For an 1D dataset, zero-scaling is trivial to perform as the code snippet below demonstrates.

```python
import numpy as np

x = [float(i) for i in range (1, 50)]
mean = np.mean(x)
x = [i - mean for i in x]
```

**$z-score$**

$z-score$ or standard scaling  scales the data points such that they have a mean of 0 and a variance of 1, allowing for negative values.
z-score standardization ensures that outliers are handled more properly but will not guarantee that the data will end up on the exact same scale. Normally, we will standardize the data independently across each feature of the data array. The benefit of doing so is that we can see how many standard deviations a particular observation’s feature value is from the mean.

```python
import numpy as np
from sklearn.preprocessing import StandardScaler

np.random.seed(42)

size = 300
mu = [1.0, 1.0]
cov_mat = [[2.0, 0.0],[0.0, 0.8]]
X = np.random.multivariate_normal(mean=mu, cov=cov_mat, size=size)

ss = StandardScaler()
X_ss = ss.fit_transform(X)

x_ss=[]
y_ss=[]

for point in X_ss:
    x_ss.append(point[0])
    y_ss.append(point[1])

plt.scatter(x_ss, y_ss)
plt.title("Standard scaler data")
plt.axhline(0.0, color='r', linestyle='--')
plt.axvline(0.0, color='r', linestyle='--')
plt.show()
```

**Min-Max scaling**

Min-max standardization scales values in a feature to be between 0 and 1. However, with sklearn we have more freedom with this.
Min-max standardization has a harder time dealing with outliers, so if our data have many outliers, it is generally better to stick with z-score standardization. The following snippet shows how to perform Min-Max scaling with scikit-learn.

```python
import numpy as np
from sklearn.preprocessing import MinMaxScaler

np.random.seed(42)

size = 300
mu = [1.0, 1.0]
cov_mat = [[2.0, 0.0],[0.0, 0.8]]
X = np.random.multivariate_normal(mean=mu, cov=cov_mat, size=size)

ss = MinMaxScaler(feature_range=(-1, 1))
X_mm = ss.fit_transform(X)

x_mm=[]
y_mm=[]

for point in X_mm:
    x_mm.append(point[0])
    y_mm.append(point[1])

plt.scatter(x_mm, y_mm)
plt.title("Min-Max scaler data")
plt.axhline(0.0, color='r', linestyle='--')
plt.axvline(0.0, color='r', linestyle='--')
plt.show()
```

**Range scaling**

The ```MinMaxScaler``` can also be used to perform range scaling or range compression.

$$$$

**Robust scaling**

Very often the data we are dealing with contain outliers. Frequently outliers can skew the results of a modeling effort and thus invalidate it.
Outliers should in general be handled with care and thought as simply dropping these may also invalidate your modeling approach.
In general terms, an outlier is a data point that is significantly further away from the other data points. How further away
this depends on the application.

The data scaling methods from the previous two chapters are both affected by outliers. Data standardization uses each feature's mean and standard deviation, while ranged scaling uses the maximum and minimum feature values, meaning that they're both susceptible to being skewed by outlier values.
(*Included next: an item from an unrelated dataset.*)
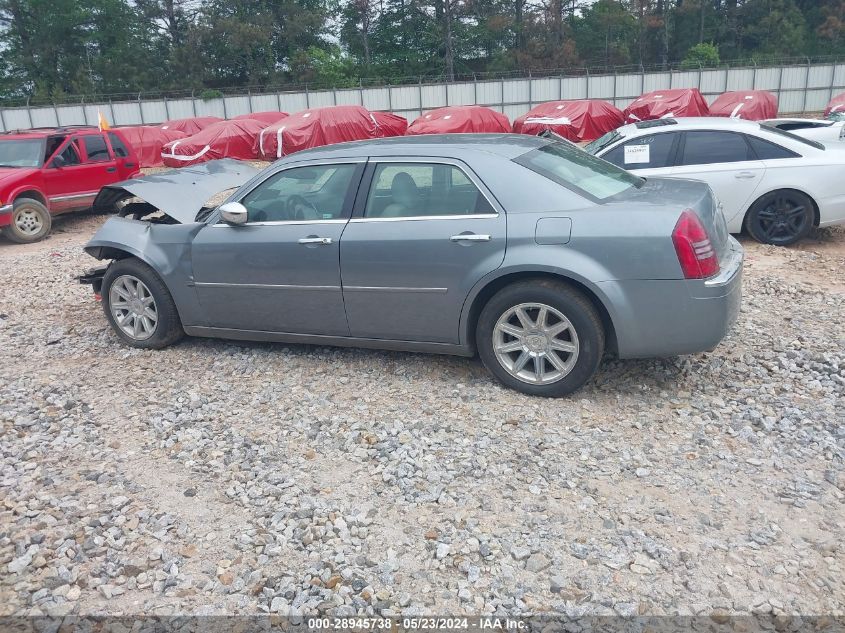 2006 Chrysler 300 C VIN: 2C3KA63H76H286108 Lot: 28945738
We can robustly scale the data, i.e. avoid being affected by outliers, by using use the data's median and Interquartile Range (IQR). Since the median and IQR are percentile measurements of the data (50% for median, 25% to 75% for the IQR), they are not affected by outliers. For the scaling method, we just subtract the median from each data value then scale to the IQR.
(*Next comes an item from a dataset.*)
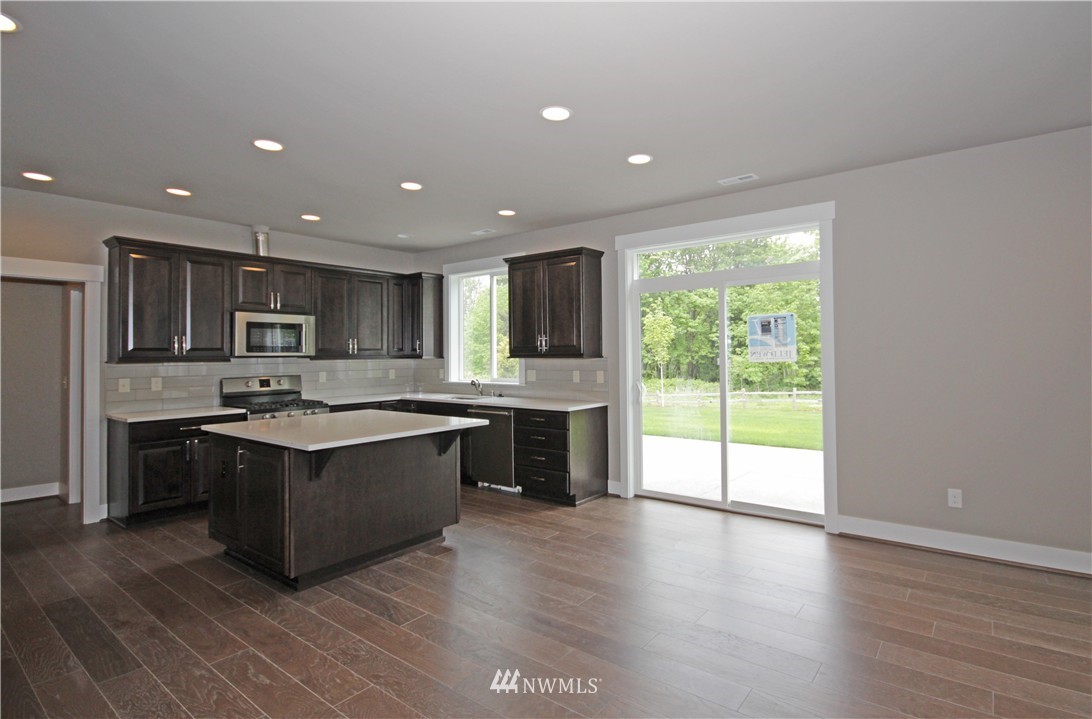 4702 Northeast 25th Street Renton, WA 98059 - Photo 8 of 23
In scikit-learn, we perform robust scaling with the ```RobustScaler``` class. It is another transformer object, with the same fit, transform, and fit_transform functions described in the previous chapter.


```python
import numpy as np
from sklearn.preprocessing import RobustScaler

np.random.seed(42)

size = 300
mu = [1.0, 1.0]
cov_mat = [[2.0, 0.0],[0.0, 0.8]]
X = np.random.multivariate_normal(mean=mu, cov=cov_mat, size=size)
rs = RobustScaler()
X_rs = rs.fit_transform(X)

x_rs=[]
y_rs=[]

for point in X_rs:
    x_rs.append(point[0])
    y_rs.append(point[1])

plt.scatter(x_rs, y_rs)
plt.title("Robust scaler scaler data")
plt.axhline(0.0, color='r', linestyle='--')
plt.axvline(0.0, color='r', linestyle='--')
plt.show()
```

### Data normalization

So far, each of the scaling techniques we've used has been applied to the data features (i.e. columns). However, in certain cases we want to scale the individual data observations (i.e. rows). For instance, when clustering data we need to apply L2 normalization to each row, in order to calculate cosine similarity scores.
L2 normalization applied to a particular row of a data array will divide each value in that row by the row's L2 norm. In general terms, the L2 norm of a row is just the square root of the sum of squared values for the row. The $L_2$ is defined as

$$L_2 = \sqrt{\sum_i x_{i}^{2}}$$



### Data imputation

The previous sections covered some methods we can use in order to scale the data. Scaling is important when we deal with features that have different scales.
However, often times data is missing from the presented dataset and we need methodologies so that consistently we deal with this problem.
In this section we will discuss such methodologies. Note that the techniques we will discuss are effective when the missing data is not too much.
The latter of course is subjective and depends on the application.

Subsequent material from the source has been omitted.